## Input

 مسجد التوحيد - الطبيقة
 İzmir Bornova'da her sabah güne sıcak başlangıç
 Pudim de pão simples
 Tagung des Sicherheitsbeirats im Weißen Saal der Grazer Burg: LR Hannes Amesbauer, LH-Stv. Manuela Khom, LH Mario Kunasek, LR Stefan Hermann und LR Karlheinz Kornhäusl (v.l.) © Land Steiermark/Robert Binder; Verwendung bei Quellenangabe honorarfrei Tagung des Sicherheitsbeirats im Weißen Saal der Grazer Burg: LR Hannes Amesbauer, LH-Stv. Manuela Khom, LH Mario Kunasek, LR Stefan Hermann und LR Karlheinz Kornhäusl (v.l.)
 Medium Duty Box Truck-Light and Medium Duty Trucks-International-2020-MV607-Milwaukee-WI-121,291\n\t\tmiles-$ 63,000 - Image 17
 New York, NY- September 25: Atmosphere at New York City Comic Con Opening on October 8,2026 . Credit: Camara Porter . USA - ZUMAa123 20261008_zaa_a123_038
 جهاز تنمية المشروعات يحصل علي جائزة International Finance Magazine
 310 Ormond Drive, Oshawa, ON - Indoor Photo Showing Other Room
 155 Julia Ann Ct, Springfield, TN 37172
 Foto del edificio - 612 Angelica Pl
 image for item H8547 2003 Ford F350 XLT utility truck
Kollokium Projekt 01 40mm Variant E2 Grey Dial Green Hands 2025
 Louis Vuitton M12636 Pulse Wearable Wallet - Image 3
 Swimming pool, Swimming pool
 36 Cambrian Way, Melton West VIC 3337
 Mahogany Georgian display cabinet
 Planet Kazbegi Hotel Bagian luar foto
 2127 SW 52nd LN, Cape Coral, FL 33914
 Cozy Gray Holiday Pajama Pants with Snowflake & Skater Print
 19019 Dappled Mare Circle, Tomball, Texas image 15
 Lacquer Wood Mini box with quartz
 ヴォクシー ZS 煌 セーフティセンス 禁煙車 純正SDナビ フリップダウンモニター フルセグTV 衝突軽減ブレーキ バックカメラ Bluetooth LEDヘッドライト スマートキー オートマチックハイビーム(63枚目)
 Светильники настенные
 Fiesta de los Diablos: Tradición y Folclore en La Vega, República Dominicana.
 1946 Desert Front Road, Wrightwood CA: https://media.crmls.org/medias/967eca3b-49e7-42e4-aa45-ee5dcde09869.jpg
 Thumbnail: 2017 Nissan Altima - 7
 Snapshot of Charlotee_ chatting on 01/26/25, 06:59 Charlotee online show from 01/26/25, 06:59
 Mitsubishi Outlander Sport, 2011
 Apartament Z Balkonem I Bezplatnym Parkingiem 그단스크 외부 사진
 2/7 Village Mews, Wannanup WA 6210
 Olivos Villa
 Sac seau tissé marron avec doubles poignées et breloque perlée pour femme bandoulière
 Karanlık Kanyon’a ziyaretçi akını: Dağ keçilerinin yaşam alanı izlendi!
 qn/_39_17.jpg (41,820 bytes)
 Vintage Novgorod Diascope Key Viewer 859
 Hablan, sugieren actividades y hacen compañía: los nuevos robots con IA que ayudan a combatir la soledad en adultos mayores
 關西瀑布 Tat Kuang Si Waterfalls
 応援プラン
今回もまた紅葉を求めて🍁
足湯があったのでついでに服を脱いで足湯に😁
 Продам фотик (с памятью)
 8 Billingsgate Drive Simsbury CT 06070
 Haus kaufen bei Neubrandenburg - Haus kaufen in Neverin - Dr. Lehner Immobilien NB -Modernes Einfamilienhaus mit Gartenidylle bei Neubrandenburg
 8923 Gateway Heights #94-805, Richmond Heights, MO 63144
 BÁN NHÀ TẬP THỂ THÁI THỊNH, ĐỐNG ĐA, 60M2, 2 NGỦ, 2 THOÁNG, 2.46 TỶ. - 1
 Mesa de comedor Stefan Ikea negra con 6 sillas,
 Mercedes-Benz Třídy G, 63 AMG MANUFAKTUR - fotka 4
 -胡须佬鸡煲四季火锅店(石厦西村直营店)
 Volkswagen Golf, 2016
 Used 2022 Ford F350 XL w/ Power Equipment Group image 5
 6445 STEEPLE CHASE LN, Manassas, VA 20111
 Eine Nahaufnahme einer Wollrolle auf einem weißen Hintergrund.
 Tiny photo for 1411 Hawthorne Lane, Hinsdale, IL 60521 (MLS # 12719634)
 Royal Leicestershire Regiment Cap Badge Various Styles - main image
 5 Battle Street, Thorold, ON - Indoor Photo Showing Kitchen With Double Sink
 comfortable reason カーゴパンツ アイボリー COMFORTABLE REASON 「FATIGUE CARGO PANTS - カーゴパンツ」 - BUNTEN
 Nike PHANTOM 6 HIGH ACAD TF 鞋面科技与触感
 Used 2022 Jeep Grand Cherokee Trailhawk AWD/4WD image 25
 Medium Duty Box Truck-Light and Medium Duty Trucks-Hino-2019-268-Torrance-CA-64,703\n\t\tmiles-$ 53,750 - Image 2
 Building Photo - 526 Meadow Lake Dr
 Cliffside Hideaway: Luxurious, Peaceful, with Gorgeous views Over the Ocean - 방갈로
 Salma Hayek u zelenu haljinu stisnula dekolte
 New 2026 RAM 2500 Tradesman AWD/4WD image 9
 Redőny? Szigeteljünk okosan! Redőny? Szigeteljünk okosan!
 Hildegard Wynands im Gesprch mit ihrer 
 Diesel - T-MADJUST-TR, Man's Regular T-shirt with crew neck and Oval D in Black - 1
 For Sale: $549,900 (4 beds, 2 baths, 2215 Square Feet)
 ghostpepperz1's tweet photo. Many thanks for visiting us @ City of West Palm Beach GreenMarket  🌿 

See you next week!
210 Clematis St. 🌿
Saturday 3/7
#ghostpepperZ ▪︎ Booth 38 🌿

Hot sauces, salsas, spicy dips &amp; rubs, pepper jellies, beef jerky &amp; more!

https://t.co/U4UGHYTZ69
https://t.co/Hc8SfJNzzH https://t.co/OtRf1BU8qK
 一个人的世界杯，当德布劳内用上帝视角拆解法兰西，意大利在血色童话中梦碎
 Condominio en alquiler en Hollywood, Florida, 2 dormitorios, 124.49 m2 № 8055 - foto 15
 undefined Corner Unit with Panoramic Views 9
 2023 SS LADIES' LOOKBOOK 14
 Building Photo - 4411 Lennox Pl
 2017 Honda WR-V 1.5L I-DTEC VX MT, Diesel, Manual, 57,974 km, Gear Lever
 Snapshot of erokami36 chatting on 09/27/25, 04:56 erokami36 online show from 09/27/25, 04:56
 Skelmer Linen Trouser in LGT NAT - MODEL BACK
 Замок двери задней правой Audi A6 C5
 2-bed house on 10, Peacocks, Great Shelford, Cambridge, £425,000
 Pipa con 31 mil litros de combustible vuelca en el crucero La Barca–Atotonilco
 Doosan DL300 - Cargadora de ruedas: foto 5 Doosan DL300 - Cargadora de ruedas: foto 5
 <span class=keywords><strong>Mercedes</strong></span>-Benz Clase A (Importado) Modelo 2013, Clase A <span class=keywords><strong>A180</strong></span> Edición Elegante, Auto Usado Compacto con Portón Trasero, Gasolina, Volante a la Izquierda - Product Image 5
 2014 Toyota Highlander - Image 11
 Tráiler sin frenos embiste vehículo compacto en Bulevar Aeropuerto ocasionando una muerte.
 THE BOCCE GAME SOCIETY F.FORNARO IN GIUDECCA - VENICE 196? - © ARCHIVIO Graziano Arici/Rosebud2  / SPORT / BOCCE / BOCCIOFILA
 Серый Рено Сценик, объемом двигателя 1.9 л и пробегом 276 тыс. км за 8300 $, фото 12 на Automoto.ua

## Exercise goal
Word for word, restate each of the records above.

## Result for this exercise
 مسجد التوحيد - الطبيقة
 İzmir Bornova'da her sabah güne sıcak başlangıç
 Pudim de pão simples
 Tagung des Sicherheitsbeirats im Weißen Saal der Grazer Burg: LR Hannes Amesbauer, LH-Stv. Manuela Khom, LH Mario Kunasek, LR Stefan Hermann und LR Karlheinz Kornhäusl (v.l.) © Land Steiermark/Robert Binder; Verwendung bei Quellenangabe honorarfrei Tagung des Sicherheitsbeirats im Weißen Saal der Grazer Burg: LR Hannes Amesbauer, LH-Stv. Manuela Khom, LH Mario Kunasek, LR Stefan Hermann und LR Karlheinz Kornhäusl (v.l.)
 Medium Duty Box Truck-Light and Medium Duty Trucks-International-2020-MV607-Milwaukee-WI-121,291\n\t\tmiles-$ 63,000 - Image 17
 New York, NY- September 25: Atmosphere at New York City Comic Con Opening on October 8,2026 . Credit: Camara Porter . USA - ZUMAa123 20261008_zaa_a123_038
 جهاز تنمية المشروعات يحصل علي جائزة International Finance Magazine
 310 Ormond Drive, Oshawa, ON - Indoor Photo Showing Other Room
 155 Julia Ann Ct, Springfield, TN 37172
 Foto del edificio - 612 Angelica Pl
 image for item H8547 2003 Ford F350 XLT utility truck
Kollokium Projekt 01 40mm Variant E2 Grey Dial Green Hands 2025
 Louis Vuitton M12636 Pulse Wearable Wallet - Image 3
 Swimming pool, Swimming pool
 36 Cambrian Way, Melton West VIC 3337
 Mahogany Georgian display cabinet
 Planet Kazbegi Hotel Bagian luar foto
 2127 SW 52nd LN, Cape Coral, FL 33914
 Cozy Gray Holiday Pajama Pants with Snowflake & Skater Print
 19019 Dappled Mare Circle, Tomball, Texas image 15
 Lacquer Wood Mini box with quartz
 ヴォクシー ZS 煌 セーフティセンス 禁煙車 純正SDナビ フリップダウンモニター フルセグTV 衝突軽減ブレーキ バックカメラ Bluetooth LEDヘッドライト スマートキー オートマチックハイビーム(63枚目)
 Светильники настенные
 Fiesta de los Diablos: Tradición y Folclore en La Vega, República Dominicana.
 1946 Desert Front Road, Wrightwood CA: https://media.crmls.org/medias/967eca3b-49e7-42e4-aa45-ee5dcde09869.jpg
 Thumbnail: 2017 Nissan Altima - 7
 Snapshot of Charlotee_ chatting on 01/26/25, 06:59 Charlotee online show from 01/26/25, 06:59
 Mitsubishi Outlander Sport, 2011
 Apartament Z Balkonem I Bezplatnym Parkingiem 그단스크 외부 사진
 2/7 Village Mews, Wannanup WA 6210
 Olivos Villa
 Sac seau tissé marron avec doubles poignées et breloque perlée pour femme bandoulière
 Karanlık Kanyon’a ziyaretçi akını: Dağ keçilerinin yaşam alanı izlendi!
 qn/_39_17.jpg (41,820 bytes)
 Vintage Novgorod Diascope Key Viewer 859
 Hablan, sugieren actividades y hacen compañía: los nuevos robots con IA que ayudan a combatir la soledad en adultos mayores
 關西瀑布 Tat Kuang Si Waterfalls
 応援プラン
今回もまた紅葉を求めて🍁
足湯があったのでついでに服を脱いで足湯に😁
 Продам фотик (с памятью)
 8 Billingsgate Drive Simsbury CT 06070
 Haus kaufen bei Neubrandenburg - Haus kaufen in Neverin - Dr. Lehner Immobilien NB -Modernes Einfamilienhaus mit Gartenidylle bei Neubrandenburg
 8923 Gateway Heights #94-805, Richmond Heights, MO 63144
 BÁN NHÀ TẬP THỂ THÁI THỊNH, ĐỐNG ĐA, 60M2, 2 NGỦ, 2 THOÁNG, 2.46 TỶ. - 1
 Mesa de comedor Stefan Ikea negra con 6 sillas,
 Mercedes-Benz Třídy G, 63 AMG MANUFAKTUR - fotka 4
 -胡须佬鸡煲四季火锅店(石厦西村直营店)
 Volkswagen Golf, 2016
 Used 2022 Ford F350 XL w/ Power Equipment Group image 5
 6445 STEEPLE CHASE LN, Manassas, VA 20111
 Eine Nahaufnahme einer Wollrolle auf einem weißen Hintergrund.
 Tiny photo for 1411 Hawthorne Lane, Hinsdale, IL 60521 (MLS # 12719634)
 Royal Leicestershire Regiment Cap Badge Various Styles - main image
 5 Battle Street, Thorold, ON - Indoor Photo Showing Kitchen With Double Sink
 comfortable reason カーゴパンツ アイボリー COMFORTABLE REASON 「FATIGUE CARGO PANTS - カーゴパンツ」 - BUNTEN
 Nike PHANTOM 6 HIGH ACAD TF 鞋面科技与触感
 Used 2022 Jeep Grand Cherokee Trailhawk AWD/4WD image 25
 Medium Duty Box Truck-Light and Medium Duty Trucks-Hino-2019-268-Torrance-CA-64,703\n\t\tmiles-$ 53,750 - Image 2
 Building Photo - 526 Meadow Lake Dr
 Cliffside Hideaway: Luxurious, Peaceful, with Gorgeous views Over the Ocean - 방갈로
 Salma Hayek u zelenu haljinu stisnula dekolte
 New 2026 RAM 2500 Tradesman AWD/4WD image 9
 Redőny? Szigeteljünk okosan! Redőny? Szigeteljünk okosan!
 Hildegard Wynands im Gesprch mit ihrer 
 Diesel - T-MADJUST-TR, Man's Regular T-shirt with crew neck and Oval D in Black - 1
 For Sale: $549,900 (4 beds, 2 baths, 2215 Square Feet)
 ghostpepperz1's tweet photo. Many thanks for visiting us @ City of West Palm Beach GreenMarket  🌿 

See you next week!
210 Clematis St. 🌿
Saturday 3/7
#ghostpepperZ ▪︎ Booth 38 🌿

Hot sauces, salsas, spicy dips &amp; rubs, pepper jellies, beef jerky &amp; more!

https://t.co/U4UGHYTZ69
https://t.co/Hc8SfJNzzH https://t.co/OtRf1BU8qK
 一个人的世界杯，当德布劳内用上帝视角拆解法兰西，意大利在血色童话中梦碎
 Condominio en alquiler en Hollywood, Florida, 2 dormitorios, 124.49 m2 № 8055 - foto 15
 undefined Corner Unit with Panoramic Views 9
 2023 SS LADIES' LOOKBOOK 14
 Building Photo - 4411 Lennox Pl
 2017 Honda WR-V 1.5L I-DTEC VX MT, Diesel, Manual, 57,974 km, Gear Lever
 Snapshot of erokami36 chatting on 09/27/25, 04:56 erokami36 online show from 09/27/25, 04:56
 Skelmer Linen Trouser in LGT NAT - MODEL BACK
 Замок двери задней правой Audi A6 C5
 2-bed house on 10, Peacocks, Great Shelford, Cambridge, £425,000
 Pipa con 31 mil litros de combustible vuelca en el crucero La Barca–Atotonilco
 Doosan DL300 - Cargadora de ruedas: foto 5 Doosan DL300 - Cargadora de ruedas: foto 5
 <span class=keywords><strong>Mercedes</strong></span>-Benz Clase A (Importado) Modelo 2013, Clase A <span class=keywords><strong>A180</strong></span> Edición Elegante, Auto Usado Compacto con Portón Trasero, Gasolina, Volante a la Izquierda - Product Image 5
 2014 Toyota Highlander - Image 11
 Tráiler sin frenos embiste vehículo compacto en Bulevar Aeropuerto ocasionando una muerte.
 THE BOCCE GAME SOCIETY F.FORNARO IN GIUDECCA - VENICE 196? - © ARCHIVIO Graziano Arici/Rosebud2  / SPORT / BOCCE / BOCCIOFILA
 Серый Рено Сценик, объемом двигателя 1.9 л и пробегом 276 тыс. км за 8300 $, фото 12 на Automoto.ua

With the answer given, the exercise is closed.